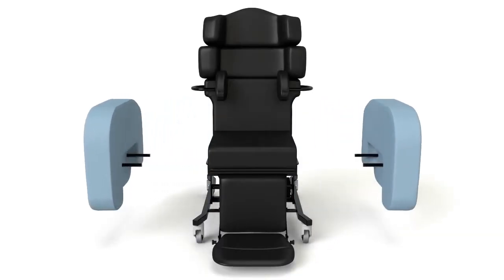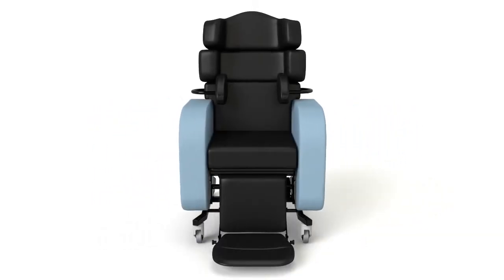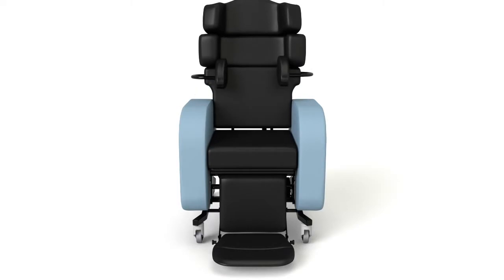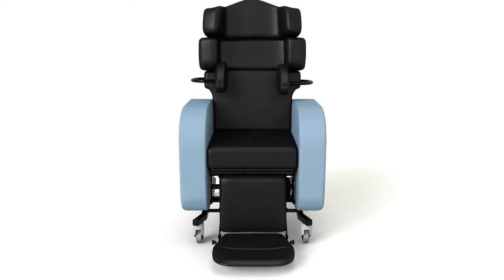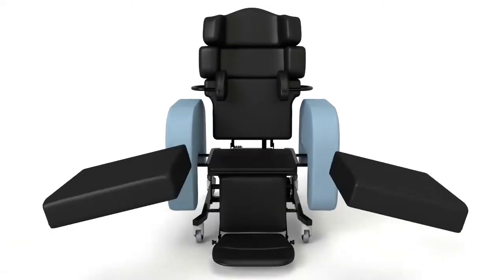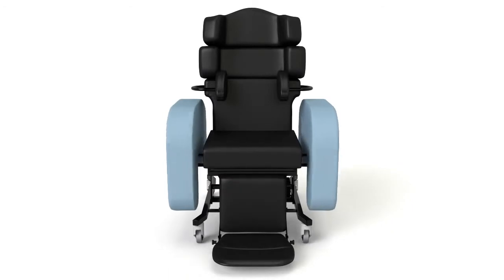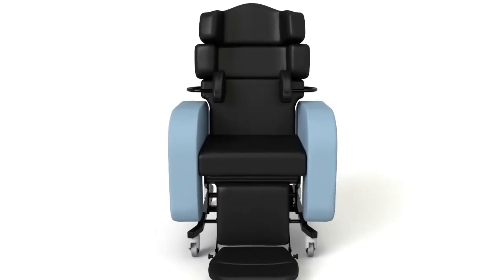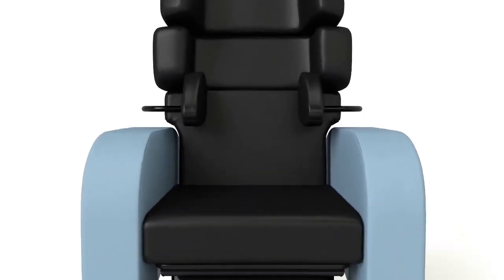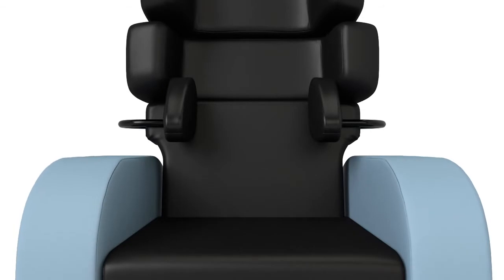The arms are removable to assist with sideways transfer or for the application of slings. Adjustable arm widths accommodate a variety of cushions for individual sizes and pressure management needs.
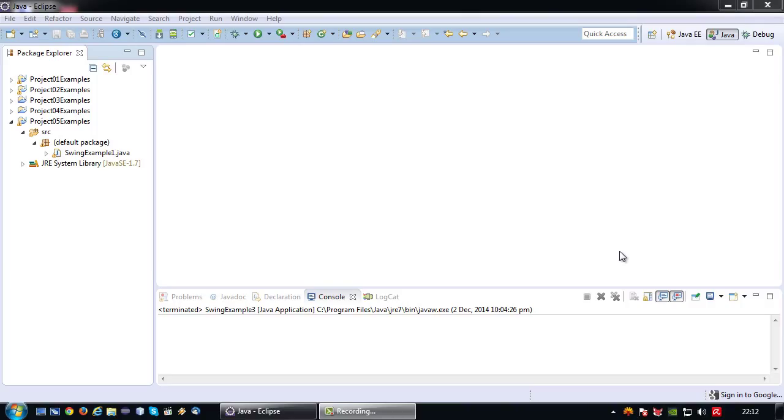Welcome back again to another Java short tutorial. In my previous tutorial I've shown how to create a basic application using the Java Swing library with a flow layout.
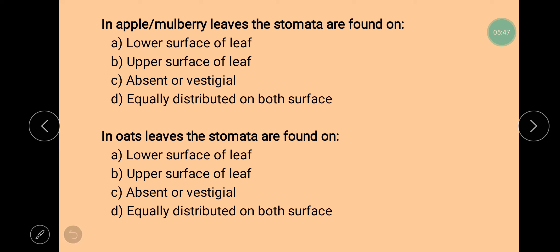Next question is: in apple or mulberry leaves, the stomata are found on? In apple or mulberry leaves, stomata are present on the lower surface of the leaf. Next question is: in oats leaves, the stomata are found on? In oats and many other cereals, the stomata are equally distributed on both surfaces of the leaf — that is, an equal number of stomata are present on both the lower and upper surfaces.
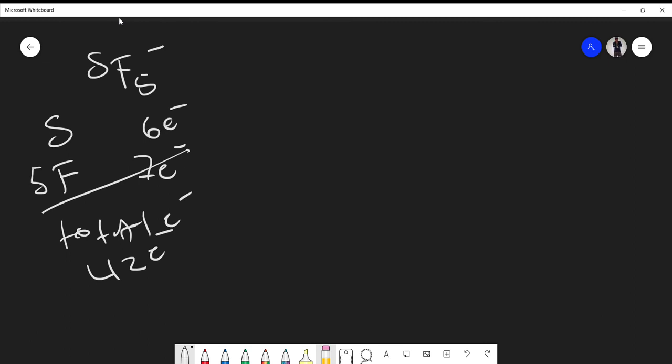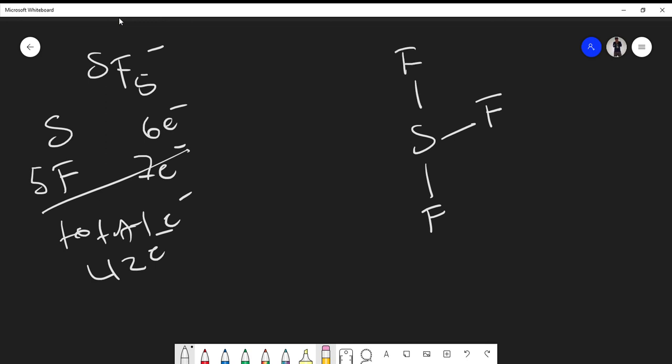Usually the leftmost element in our molecular formula is the central atom. So we place sulfur in the middle and then place our five fluorines around it. We've used two, four, six, eight, ten electrons out of the 42 we have to place — so we still have 32 more electrons to place. Remember, fluorine has to satisfy the octet rule, and we've only placed two electrons around each fluorine thus far, so let's go ahead and fill in the fluorine shells.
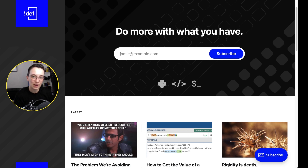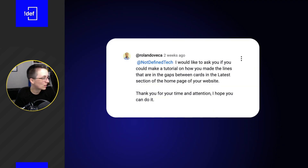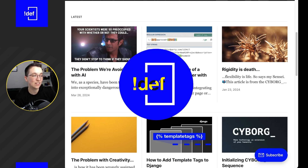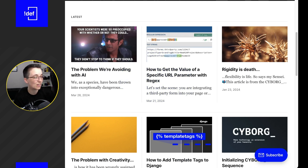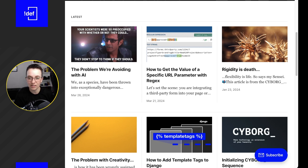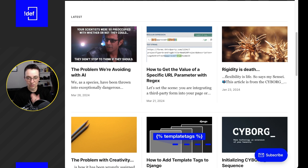Today we're going to look at a pretty common design feature. Rolando Beca asked me to explain specifically how the lines ended up in the grid on my website. I actually didn't design this myself — shout out to the Ghost team, this is one of their templates. I thought this was a perfect opportunity to explore how to do this inner grid line thing, because it's a cool design feature that's a little different — it's not like a full, perfect lined grid all the way down with no breaks.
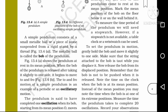Figure 13.4 shows the pendulum at rest in its mean position. When the bob of the pendulum is released after taking it slightly to one side, it begins to move to and fro. We will show you the positions A, O, and B.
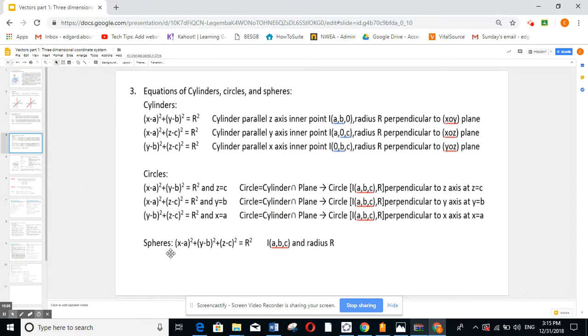In the second video, I'm going to talk about the equation of cylinders, circles, and spheres. See you in a while.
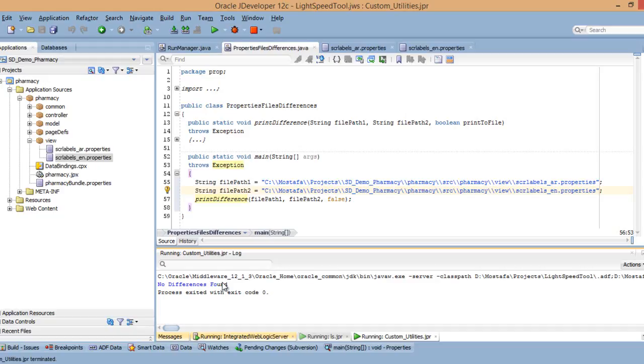This is what we have been building since 10 years until now. We have a very large API, updated always with the new components added in JDeveloper. Right now you have these utilities, and in these utilities we have an API.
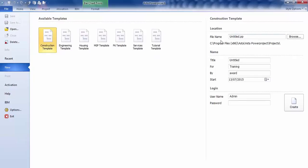Over on the right-hand side, we now type in the name of our project. This is the actual file name that we would search for if we were looking for this particular project at a later time. So we're going to call this one New Project.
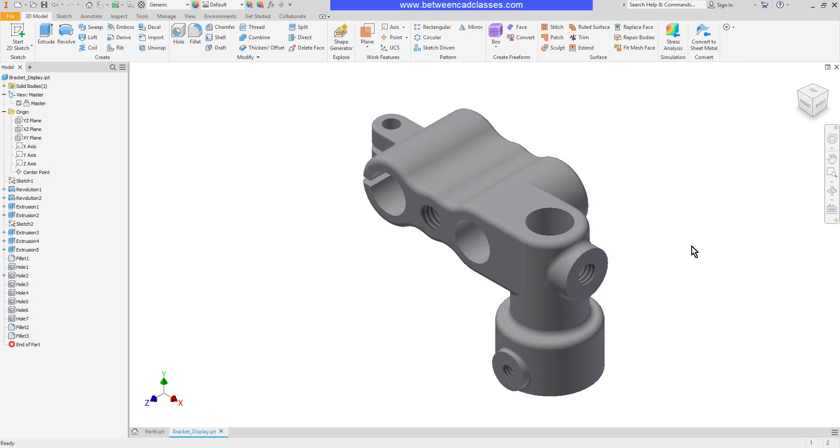In this video we will take a look at a couple of different ways that we can change the display of our Autodesk Inventor model. This includes creating section views, saving design views, and also changing the color appearance of our models as well.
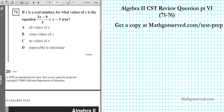Good day students and welcome to part 6 of the Algebra 2 CST review. In this series we're going to be going over questions 71 to 76. Remember you can always get a copy of this document at microserv.com/testprep. Let's take a look at question number 71.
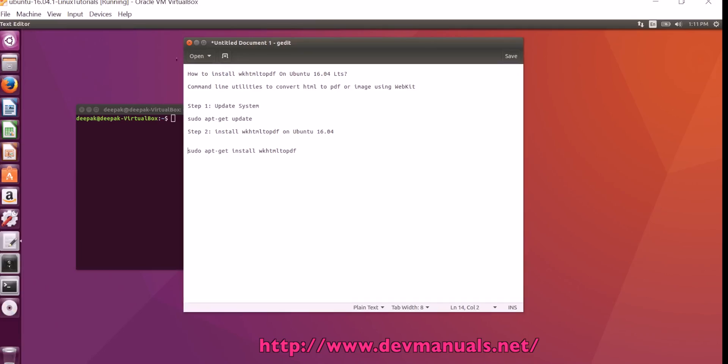How to install WKHTML2PDF on Ubuntu 16.04 LTS. WKHTML2PDF is a command line utility to convert HTML to PDF or image using webkit.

◆ **Task prompt**: Your answer must be an exact transcription of the records above, minus the pictures.

◆ **Task answer**:
The arms are removable to assist with sideways transfer or for the application of slings. Adjustable arm widths accommodate a variety of cushions for individual sizes and pressure management needs.
Welcome back again to another Java short tutorial. In my previous tutorial I've shown how to create a basic application using the Java Swing library with a flow layout.
Next question is: in apple or mulberry leaves, the stomata are found on? In apple or mulberry leaves, stomata are present on the lower surface of the leaf. Next question is: in oats leaves, the stomata are found on? In oats and many other cereals, the stomata are equally distributed on both surfaces of the leaf — that is, an equal number of stomata are present on both the lower and upper surfaces.
Usually the leftmost element in our molecular formula is the central atom. So we place sulfur in the middle and then place our five fluorines around it. We've used two, four, six, eight, ten electrons out of the 42 we have to place — so we still have 32 more electrons to place. Remember, fluorine has to satisfy the octet rule, and we've only placed two electrons around each fluorine thus far, so let's go ahead and fill in the fluorine shells.
Today we're going to look at a pretty common design feature. Rolando Beca asked me to explain specifically how the lines ended up in the grid on my website. I actually didn't design this myself — shout out to the Ghost team, this is one of their templates. I thought this was a perfect opportunity to explore how to do this inner grid line thing, because it's a cool design feature that's a little different — it's not like a full, perfect lined grid all the way down with no breaks.
Figure 13.4 shows the pendulum at rest in its mean position. When the bob of the pendulum is released after taking it slightly to one side, it begins to move to and fro. We will show you the positions A, O, and B.
In the second video, I'm going to talk about the equation of cylinders, circles, and spheres. See you in a while.
This is what we have been building since 10 years until now. We have a very large API, updated always with the new components added in JDeveloper. Right now you have these utilities, and in these utilities we have an API.
Over on the right-hand side, we now type in the name of our project. This is the actual file name that we would search for if we were looking for this particular project at a later time. So we're going to call this one New Project.
In this video we will take a look at a couple of different ways that we can change the display of our Autodesk Inventor model. This includes creating section views, saving design views, and also changing the color appearance of our models as well.
Good day students and welcome to part 6 of the Algebra 2 CST review. In this series we're going to be going over questions 71 to 76. Remember you can always get a copy of this document at microserv.com/testprep. Let's take a look at question number 71.
How to install WKHTML2PDF on Ubuntu 16.04 LTS. WKHTML2PDF is a command line utility to convert HTML to PDF or image using webkit.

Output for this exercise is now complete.